Когда это случилось впервые, мне, помнится, было лет шесть и я еще не ходил в школу. По соседству с нами жили весьма зажиточные люди. У них было трое детей - старший мальчик, примерно моего возраста, и две девочки помладше. По воскресеньям детей наряжали, как мне казалось, очень смешно - в лакированные туфли, крахмальные жабо и белые перчатки. Одежду детей чистили щеткой, а их самих тщательно причесывали даже в будни. Они были хорошо воспитаны и старались держаться на расстоянии от меня, грубого мальчика в рваных брюках, дырявых туфлях и с грязными руками. Мать бесконечно не давала мне покоя сравнениями и наставлениями: "Посмотри на этих милых детей, они так хорошо воспитаны, так вежливы, а ты ведешь себя как уличный мальчишка, ты невозможен". Я почувствовал себя униженным и решил отколотить "милого мальчика", что и исполнил. Его мать пришла в бешенство, она прибежала к моей с криками и протестами. Моя мать была, конечно, напугана и прочитала мне приправленную слезами нотацию, более долгую и страстную, чем когда-либо раньше. Я не чувствовал никакой вины, наоборот, был вполне доволен собой. Мне казалось, что я в какой-то мере наказал этого чужака за вызывающее поведение. Однако волнение матери испугало меня. Раскаиваясь, что огорчил ее, я убежал к своему столику за клавикордами и принялся играть в кубики. Некоторое время в комнате было тихо. Мать, как обычно, сидела у окна и вязала. Потом я услышал, как она невнятно бормочет что-то, и из ее отрывочных слов понял, что она думает о происшествии, но смотрит на него уже другими глазами. Вдруг она произнесла: "Но нельзя же так выставляться, в конце концов!" Я догадался, что она говорила о тех разодетых "обезьянках". Ее любимый брат был охотником, он держал собак и без конца говорил о щенках, полукровках, помете и т. д. С облегчением я понял, что мать считает этих ужасных детей "беспородными" и что ее выговор не следует принимать всерьез. Но я уже тогда понимал, что должен оставаться совершенно спокойным, не показывать свой триумф и говорить: "Вот видишь, ты же сама так считаешь!" Она пришла бы в негодование: "Ужасный мальчишка, как ты смеешь говорить такое о своей матери!" Отсюда можно заключить, что нечто подобное случалось и раньше, просто я не помню.

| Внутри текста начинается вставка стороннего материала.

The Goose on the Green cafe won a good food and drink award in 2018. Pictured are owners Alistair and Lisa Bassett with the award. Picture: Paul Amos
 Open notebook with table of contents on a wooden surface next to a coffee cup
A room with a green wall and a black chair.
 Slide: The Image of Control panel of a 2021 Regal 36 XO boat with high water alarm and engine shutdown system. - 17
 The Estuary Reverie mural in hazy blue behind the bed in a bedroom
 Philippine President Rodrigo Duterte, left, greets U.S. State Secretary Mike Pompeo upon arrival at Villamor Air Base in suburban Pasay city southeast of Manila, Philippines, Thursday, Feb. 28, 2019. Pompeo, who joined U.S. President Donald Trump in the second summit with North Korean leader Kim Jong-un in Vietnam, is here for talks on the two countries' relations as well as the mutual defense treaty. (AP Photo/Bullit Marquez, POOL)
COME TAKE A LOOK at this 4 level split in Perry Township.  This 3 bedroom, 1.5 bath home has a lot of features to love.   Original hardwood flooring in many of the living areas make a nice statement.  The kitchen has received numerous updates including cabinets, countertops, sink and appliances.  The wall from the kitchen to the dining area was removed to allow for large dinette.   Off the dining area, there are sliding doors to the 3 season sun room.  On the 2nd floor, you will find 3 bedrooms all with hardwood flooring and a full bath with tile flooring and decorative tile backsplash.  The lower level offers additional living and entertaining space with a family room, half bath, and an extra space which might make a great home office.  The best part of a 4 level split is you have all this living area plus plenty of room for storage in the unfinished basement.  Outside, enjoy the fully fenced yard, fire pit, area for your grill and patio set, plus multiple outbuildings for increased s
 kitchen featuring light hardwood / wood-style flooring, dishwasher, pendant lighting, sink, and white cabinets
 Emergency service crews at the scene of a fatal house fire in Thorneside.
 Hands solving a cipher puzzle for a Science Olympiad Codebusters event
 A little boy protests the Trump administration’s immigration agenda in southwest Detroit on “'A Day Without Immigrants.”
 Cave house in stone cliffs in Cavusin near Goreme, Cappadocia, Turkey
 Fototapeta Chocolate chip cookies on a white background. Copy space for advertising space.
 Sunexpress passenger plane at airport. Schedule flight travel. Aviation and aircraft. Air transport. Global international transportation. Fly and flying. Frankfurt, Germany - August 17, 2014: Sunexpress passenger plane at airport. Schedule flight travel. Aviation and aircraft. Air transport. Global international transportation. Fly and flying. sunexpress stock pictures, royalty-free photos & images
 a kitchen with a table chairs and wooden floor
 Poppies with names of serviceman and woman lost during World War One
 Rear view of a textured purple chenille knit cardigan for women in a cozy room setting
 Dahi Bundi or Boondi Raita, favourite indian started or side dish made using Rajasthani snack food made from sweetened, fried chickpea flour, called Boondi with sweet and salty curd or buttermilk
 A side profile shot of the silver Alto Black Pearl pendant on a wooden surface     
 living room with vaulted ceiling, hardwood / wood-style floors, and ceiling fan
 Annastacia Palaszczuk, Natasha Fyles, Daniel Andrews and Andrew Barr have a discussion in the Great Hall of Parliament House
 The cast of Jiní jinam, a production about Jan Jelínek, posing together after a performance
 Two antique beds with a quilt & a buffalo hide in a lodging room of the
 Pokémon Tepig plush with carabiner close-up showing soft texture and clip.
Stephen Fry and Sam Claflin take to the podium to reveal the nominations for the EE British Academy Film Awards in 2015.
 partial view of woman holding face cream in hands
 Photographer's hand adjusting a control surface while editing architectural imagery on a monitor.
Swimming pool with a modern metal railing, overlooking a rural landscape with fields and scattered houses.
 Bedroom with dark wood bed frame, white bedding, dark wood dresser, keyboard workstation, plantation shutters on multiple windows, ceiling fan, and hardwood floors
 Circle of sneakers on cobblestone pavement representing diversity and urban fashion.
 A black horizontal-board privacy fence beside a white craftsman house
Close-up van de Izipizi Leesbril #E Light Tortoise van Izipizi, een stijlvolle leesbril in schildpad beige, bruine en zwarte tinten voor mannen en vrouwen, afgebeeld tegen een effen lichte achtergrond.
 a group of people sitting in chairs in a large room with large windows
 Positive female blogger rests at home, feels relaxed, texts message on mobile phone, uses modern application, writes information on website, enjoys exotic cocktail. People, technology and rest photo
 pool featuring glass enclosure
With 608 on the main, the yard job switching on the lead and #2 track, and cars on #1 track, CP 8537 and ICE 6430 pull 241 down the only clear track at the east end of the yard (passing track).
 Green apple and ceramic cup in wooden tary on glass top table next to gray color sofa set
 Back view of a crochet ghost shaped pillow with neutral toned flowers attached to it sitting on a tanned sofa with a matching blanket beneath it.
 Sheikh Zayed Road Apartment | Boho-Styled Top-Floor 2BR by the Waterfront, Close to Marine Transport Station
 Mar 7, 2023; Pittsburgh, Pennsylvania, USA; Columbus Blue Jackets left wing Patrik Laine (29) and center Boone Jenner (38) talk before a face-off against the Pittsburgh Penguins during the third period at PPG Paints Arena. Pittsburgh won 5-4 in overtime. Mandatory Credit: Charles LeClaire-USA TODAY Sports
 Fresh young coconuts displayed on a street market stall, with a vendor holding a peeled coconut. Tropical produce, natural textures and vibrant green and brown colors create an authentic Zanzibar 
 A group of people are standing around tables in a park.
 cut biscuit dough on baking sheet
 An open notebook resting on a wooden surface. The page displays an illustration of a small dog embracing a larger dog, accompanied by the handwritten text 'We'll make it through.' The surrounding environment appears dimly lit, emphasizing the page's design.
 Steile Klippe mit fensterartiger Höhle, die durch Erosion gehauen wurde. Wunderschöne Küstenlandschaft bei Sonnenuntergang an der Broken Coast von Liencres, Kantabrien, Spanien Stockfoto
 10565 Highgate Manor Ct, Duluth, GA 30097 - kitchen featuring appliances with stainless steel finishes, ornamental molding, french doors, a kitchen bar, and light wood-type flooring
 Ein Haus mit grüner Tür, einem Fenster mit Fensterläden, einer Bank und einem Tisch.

Я рассказываю эту историю потому, что в тот период, когда развивался мой скепсис, произошел случай, проливший свет на двойственную природу моей матери. Однажды за столом заговорили о скучных мелодиях некоторых духовных гимнов. Речь шла о возможной их ревизии. И вдруг мать пробормотала: "О du Liebe meiner Liebe, du verwunschte Seligkeit" ("О любовь моей любви, ты проклятое блаженство..." - нем.). [Речь идет об оговорке: verwunschte (проклятое) и verwunschte (вожделенное).] Как и раньше, я притворился, что не расслышал, стараясь не выдать свое ликование.

Двойственная природа матери была одной из главных причин моих ночных кошмаров. Днем ласковая, по ночам она казалась странной и таинственной, являясь мне страшным всевидящим существом - полузверем, жрицей из медвежьей пещеры, беспощадной как правда и как природа. В такие минуты она была воплощением того, что я называю "natural mind".